Sin duda alguna, estamos ante unos Hechos Probados que no se corresponden con ningún delito establecido en el Código Penal y esto, créanme, es gravísimo, pues vulnera del principio de legalidad, que impone la prohibición de condenar si los hechos no están recogidos en el ordenamiento jurídico, previamente como delito. Vulnera el artículo 25.1 de la Constitución Española, que se corresponde con el artículo 7 del Convenio Europeo de Derechos Humanos. La autoridad judicial no debe incurrir en esta grave vulneración, por cuanto el incumplimiento del principio de legalidad promueve y facilita la inseguridad jurídica. La inseguridad jurídica es característica de sistemas con un gran déficit de democracia y con gran dosis de autoritarismo. Supone un peligro para la ciudadanía porque no permite conocer cuál es la conducta prohibida y deja a las personas sujetas al capricho de la autoridad de turno y no al obligado cumplimiento de las leyes. Esto es, un sistema arbitrario y poco democrático.

En esta sentencia, además de vulnerarse el principio de legalidad, se ha criminalizado, de paso, los derechos de manifestación y de libertad de expresión: el Tribunal Supremo ha condenado creativamente el ejercicio pacífico de estos derechos, bajo la extravagante premisa de que las movilizaciones ciudadanas “dejaron en suspenso” la orden judicial de cerrar colegios electorales e impedir las votaciones. Sin embargo, en el apartado de Razonamientos Jurídicos de la sentencia se afirma rotundamente que en todo momento el Estado tuvo “el control de la fuerza, judicial, policial, militar e, incluso, social”. Si no hubo perturbaciones porque el Estado tuvo en todo momento el control de la situación, entonces ¿por qué se considera delictivo el ejercicio de estos derechos fundamentales? Esta creación absolutamente novedosa acerca de los límites de los derechos de manifestación y de expresión, sin duda, es contraria a los artículos 10 y 11 del Convenio Europeo de Derechos Humanos.

Sin embargo, es clamoroso y determinante el último párrafo del apartado Hechos Probados: se desarrolla toda una tesis acerca del “engaño” que soportó la ciudadanía catalana, quienes creían ingenuamente que el Procés culminaría en la efectiva proclamación de la República Catalana y que se produciría la deseada secesión, según el parecer de los 7 magistrados.

Se detecta, por tanto, una opinión que no debiera haberse incluido en los Hechos Probados. Suponemos que movidos por sus profundas convicciones en torno a la indisoluble unidad del Estado español, los magistrados quisieron fijar como verdad jurídica, inmutable e irrecurrible –no hay segunda instancia- una mera opinión. Podrá ser una opinión mayoritaria que la ciudadanía se movilizó mediante “engaño”, pero por más que se piense así, no deja de ser una opinión y esto cualifica en gran medida a la sentencia en su conjunto, pues el cariz político sobresale sin necesidad de profundizar mucho más.

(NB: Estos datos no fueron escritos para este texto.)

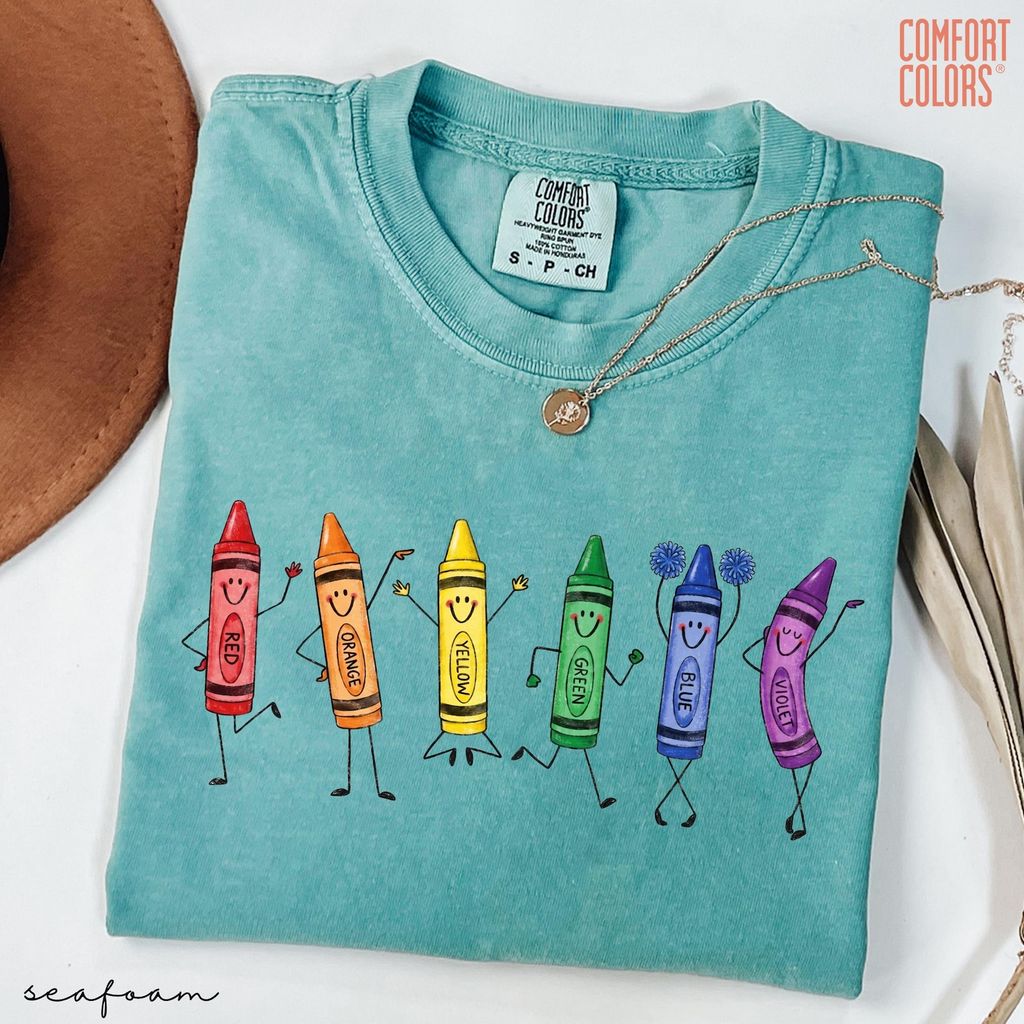 Comfort Colors Funny Teacher Life Shirt – Happy Doodle Back to School Tee, Preschool Teacher Gift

Así mismo, se explica –ojo, en Hechos Probados- que el derecho de “decidir” se mutó en derecho “a presionar” al Gobierno para que hubiera una salida dialogada y pactada para la celebración de un Referéndum. Una perla que no puede salir indemne ante futuros recursos y otras acciones jurídicas fuera de nuestras fronteras: El tribunal Supremo ha condenado a penas de entre 9 a 13 años de prisión a 9 personas por ejercer el mutado “derecho a presionar”, es decir, por ejercer el derecho de protesta pacífico.

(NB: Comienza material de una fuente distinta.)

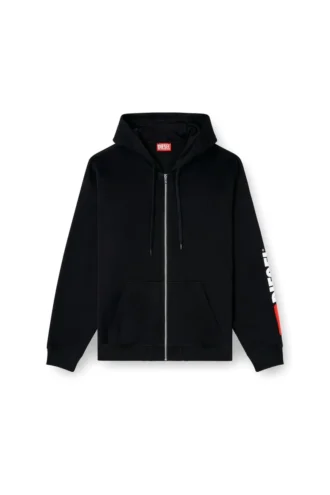 s-boxt-zip-hood-div Bluza z kapturem z naszytą naszywką z logo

Sin duda, jurídicamente hablando, la sentencia es arbitraria y promueve un espacio de inseguridad jurídica intolerable en un estado democrático. Lo normal es que la ciudadanía se movilice contra este agravio que ataca profundamente los pilares básicos de nuestro sistema. Nos han dicho persistentemente tanto el Tribunal Supremo como el Tribunal Constitucional en numerosas sentencias que nos hemos dado una democracia “no militante”, que permite la expresión de ideas, incluso contrarias a nuestro sistema; a la vista está que ese sí es un gran engaño.